> **What is being asked**
Every entry must come back exactly as it was written.

□ □ □

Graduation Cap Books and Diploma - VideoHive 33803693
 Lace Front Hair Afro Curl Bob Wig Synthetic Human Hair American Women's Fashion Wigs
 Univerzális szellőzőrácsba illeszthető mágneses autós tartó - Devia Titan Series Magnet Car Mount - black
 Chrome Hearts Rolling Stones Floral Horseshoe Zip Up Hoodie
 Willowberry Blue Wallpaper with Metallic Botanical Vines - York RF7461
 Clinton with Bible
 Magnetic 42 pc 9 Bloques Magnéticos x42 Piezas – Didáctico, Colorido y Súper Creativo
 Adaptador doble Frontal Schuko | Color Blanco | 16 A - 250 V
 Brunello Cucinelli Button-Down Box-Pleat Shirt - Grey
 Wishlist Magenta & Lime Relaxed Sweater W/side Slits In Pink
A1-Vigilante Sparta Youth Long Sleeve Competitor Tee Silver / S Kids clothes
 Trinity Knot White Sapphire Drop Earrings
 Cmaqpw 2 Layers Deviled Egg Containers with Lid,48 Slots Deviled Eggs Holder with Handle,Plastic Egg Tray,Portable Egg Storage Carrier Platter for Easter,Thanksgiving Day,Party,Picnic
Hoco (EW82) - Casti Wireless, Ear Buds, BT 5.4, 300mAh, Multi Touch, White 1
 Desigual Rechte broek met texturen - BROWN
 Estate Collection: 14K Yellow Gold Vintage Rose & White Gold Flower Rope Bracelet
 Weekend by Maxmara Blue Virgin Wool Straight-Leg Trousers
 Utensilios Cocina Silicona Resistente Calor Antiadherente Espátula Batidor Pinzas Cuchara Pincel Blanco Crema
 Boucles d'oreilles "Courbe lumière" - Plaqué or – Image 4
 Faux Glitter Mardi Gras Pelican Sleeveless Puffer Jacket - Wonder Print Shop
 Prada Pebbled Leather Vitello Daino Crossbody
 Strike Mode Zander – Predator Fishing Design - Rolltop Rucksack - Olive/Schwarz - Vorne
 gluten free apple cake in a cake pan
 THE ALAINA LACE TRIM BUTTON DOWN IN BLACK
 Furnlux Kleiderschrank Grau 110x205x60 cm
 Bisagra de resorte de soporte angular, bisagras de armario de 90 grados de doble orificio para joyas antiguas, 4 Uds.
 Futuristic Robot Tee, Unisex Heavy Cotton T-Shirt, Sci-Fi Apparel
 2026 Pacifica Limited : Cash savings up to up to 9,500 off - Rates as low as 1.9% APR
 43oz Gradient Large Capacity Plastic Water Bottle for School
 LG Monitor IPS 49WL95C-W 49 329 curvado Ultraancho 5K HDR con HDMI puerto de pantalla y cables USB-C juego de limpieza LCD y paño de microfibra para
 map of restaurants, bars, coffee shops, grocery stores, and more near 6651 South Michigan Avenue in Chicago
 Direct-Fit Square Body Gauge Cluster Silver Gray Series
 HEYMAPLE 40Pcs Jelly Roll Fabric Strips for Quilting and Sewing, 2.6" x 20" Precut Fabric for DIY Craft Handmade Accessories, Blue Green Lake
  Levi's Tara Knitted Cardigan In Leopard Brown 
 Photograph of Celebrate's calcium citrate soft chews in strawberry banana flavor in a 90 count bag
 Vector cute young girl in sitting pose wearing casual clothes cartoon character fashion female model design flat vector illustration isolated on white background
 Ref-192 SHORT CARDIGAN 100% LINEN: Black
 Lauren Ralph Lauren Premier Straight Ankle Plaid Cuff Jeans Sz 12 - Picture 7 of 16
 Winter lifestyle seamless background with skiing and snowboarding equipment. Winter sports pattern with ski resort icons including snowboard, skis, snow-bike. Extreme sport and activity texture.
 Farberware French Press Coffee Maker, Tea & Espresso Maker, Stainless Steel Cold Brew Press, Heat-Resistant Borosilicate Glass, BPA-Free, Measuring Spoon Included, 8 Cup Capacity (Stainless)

□ □ □

> **Solution for this exercise**
Graduation Cap Books and Diploma - VideoHive 33803693
 Lace Front Hair Afro Curl Bob Wig Synthetic Human Hair American Women's Fashion Wigs
 Univerzális szellőzőrácsba illeszthető mágneses autós tartó - Devia Titan Series Magnet Car Mount - black
 Chrome Hearts Rolling Stones Floral Horseshoe Zip Up Hoodie
 Willowberry Blue Wallpaper with Metallic Botanical Vines - York RF7461
 Clinton with Bible
 Magnetic 42 pc 9 Bloques Magnéticos x42 Piezas – Didáctico, Colorido y Súper Creativo
 Adaptador doble Frontal Schuko | Color Blanco | 16 A - 250 V
 Brunello Cucinelli Button-Down Box-Pleat Shirt - Grey
 Wishlist Magenta & Lime Relaxed Sweater W/side Slits In Pink
A1-Vigilante Sparta Youth Long Sleeve Competitor Tee Silver / S Kids clothes
 Trinity Knot White Sapphire Drop Earrings
 Cmaqpw 2 Layers Deviled Egg Containers with Lid,48 Slots Deviled Eggs Holder with Handle,Plastic Egg Tray,Portable Egg Storage Carrier Platter for Easter,Thanksgiving Day,Party,Picnic
Hoco (EW82) - Casti Wireless, Ear Buds, BT 5.4, 300mAh, Multi Touch, White 1
 Desigual Rechte broek met texturen - BROWN
 Estate Collection: 14K Yellow Gold Vintage Rose & White Gold Flower Rope Bracelet
 Weekend by Maxmara Blue Virgin Wool Straight-Leg Trousers
 Utensilios Cocina Silicona Resistente Calor Antiadherente Espátula Batidor Pinzas Cuchara Pincel Blanco Crema
 Boucles d'oreilles "Courbe lumière" - Plaqué or – Image 4
 Faux Glitter Mardi Gras Pelican Sleeveless Puffer Jacket - Wonder Print Shop
 Prada Pebbled Leather Vitello Daino Crossbody
 Strike Mode Zander – Predator Fishing Design - Rolltop Rucksack - Olive/Schwarz - Vorne
 gluten free apple cake in a cake pan
 THE ALAINA LACE TRIM BUTTON DOWN IN BLACK
 Furnlux Kleiderschrank Grau 110x205x60 cm
 Bisagra de resorte de soporte angular, bisagras de armario de 90 grados de doble orificio para joyas antiguas, 4 Uds.
 Futuristic Robot Tee, Unisex Heavy Cotton T-Shirt, Sci-Fi Apparel
 2026 Pacifica Limited : Cash savings up to up to 9,500 off - Rates as low as 1.9% APR
 43oz Gradient Large Capacity Plastic Water Bottle for School
 LG Monitor IPS 49WL95C-W 49 329 curvado Ultraancho 5K HDR con HDMI puerto de pantalla y cables USB-C juego de limpieza LCD y paño de microfibra para
 map of restaurants, bars, coffee shops, grocery stores, and more near 6651 South Michigan Avenue in Chicago
 Direct-Fit Square Body Gauge Cluster Silver Gray Series
 HEYMAPLE 40Pcs Jelly Roll Fabric Strips for Quilting and Sewing, 2.6" x 20" Precut Fabric for DIY Craft Handmade Accessories, Blue Green Lake
  Levi's Tara Knitted Cardigan In Leopard Brown 
 Photograph of Celebrate's calcium citrate soft chews in strawberry banana flavor in a 90 count bag
 Vector cute young girl in sitting pose wearing casual clothes cartoon character fashion female model design flat vector illustration isolated on white background
 Ref-192 SHORT CARDIGAN 100% LINEN: Black
 Lauren Ralph Lauren Premier Straight Ankle Plaid Cuff Jeans Sz 12 - Picture 7 of 16
 Winter lifestyle seamless background with skiing and snowboarding equipment. Winter sports pattern with ski resort icons including snowboard, skis, snow-bike. Extreme sport and activity texture.
 Farberware French Press Coffee Maker, Tea & Espresso Maker, Stainless Steel Cold Brew Press, Heat-Resistant Borosilicate Glass, BPA-Free, Measuring Spoon Included, 8 Cup Capacity (Stainless)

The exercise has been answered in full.